*** Opening DATA FOR THE TASK ***

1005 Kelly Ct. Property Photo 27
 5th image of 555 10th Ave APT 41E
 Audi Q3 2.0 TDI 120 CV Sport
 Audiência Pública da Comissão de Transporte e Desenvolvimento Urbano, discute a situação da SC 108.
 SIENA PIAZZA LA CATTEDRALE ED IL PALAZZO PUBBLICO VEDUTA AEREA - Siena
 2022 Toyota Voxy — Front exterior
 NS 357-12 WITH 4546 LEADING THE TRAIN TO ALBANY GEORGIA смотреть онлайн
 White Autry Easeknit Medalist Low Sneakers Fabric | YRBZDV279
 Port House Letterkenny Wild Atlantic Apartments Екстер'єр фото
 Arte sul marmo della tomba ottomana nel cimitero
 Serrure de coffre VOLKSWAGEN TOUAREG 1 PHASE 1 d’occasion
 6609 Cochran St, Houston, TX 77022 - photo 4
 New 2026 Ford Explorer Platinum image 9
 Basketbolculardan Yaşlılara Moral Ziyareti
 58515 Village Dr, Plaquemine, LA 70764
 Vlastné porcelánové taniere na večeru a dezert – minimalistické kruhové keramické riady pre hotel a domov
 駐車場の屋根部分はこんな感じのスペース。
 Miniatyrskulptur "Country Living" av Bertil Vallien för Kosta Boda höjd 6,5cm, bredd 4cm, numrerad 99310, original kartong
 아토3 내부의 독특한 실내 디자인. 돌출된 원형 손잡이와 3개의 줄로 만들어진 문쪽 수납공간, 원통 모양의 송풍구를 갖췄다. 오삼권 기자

*** Closing DATA FOR THE TASK ***

Look above for the line holding "Audi Q3 2.0 TDI 120 CV Sport" and the line holding "99310, original kartong", then output exactly those two lines and every line between them, nothing more.

> _WRITTEN SOLUTION_
 Audi Q3 2.0 TDI 120 CV Sport
 Audiência Pública da Comissão de Transporte e Desenvolvimento Urbano, discute a situação da SC 108.
 SIENA PIAZZA LA CATTEDRALE ED IL PALAZZO PUBBLICO VEDUTA AEREA - Siena
 2022 Toyota Voxy — Front exterior
 NS 357-12 WITH 4546 LEADING THE TRAIN TO ALBANY GEORGIA смотреть онлайн
 White Autry Easeknit Medalist Low Sneakers Fabric | YRBZDV279
 Port House Letterkenny Wild Atlantic Apartments Екстер'єр фото
 Arte sul marmo della tomba ottomana nel cimitero
 Serrure de coffre VOLKSWAGEN TOUAREG 1 PHASE 1 d’occasion
 6609 Cochran St, Houston, TX 77022 - photo 4
 New 2026 Ford Explorer Platinum image 9
 Basketbolculardan Yaşlılara Moral Ziyareti
 58515 Village Dr, Plaquemine, LA 70764
 Vlastné porcelánové taniere na večeru a dezert – minimalistické kruhové keramické riady pre hotel a domov
 駐車場の屋根部分はこんな感じのスペース。
 Miniatyrskulptur "Country Living" av Bertil Vallien för Kosta Boda höjd 6,5cm, bredd 4cm, numrerad 99310, original kartong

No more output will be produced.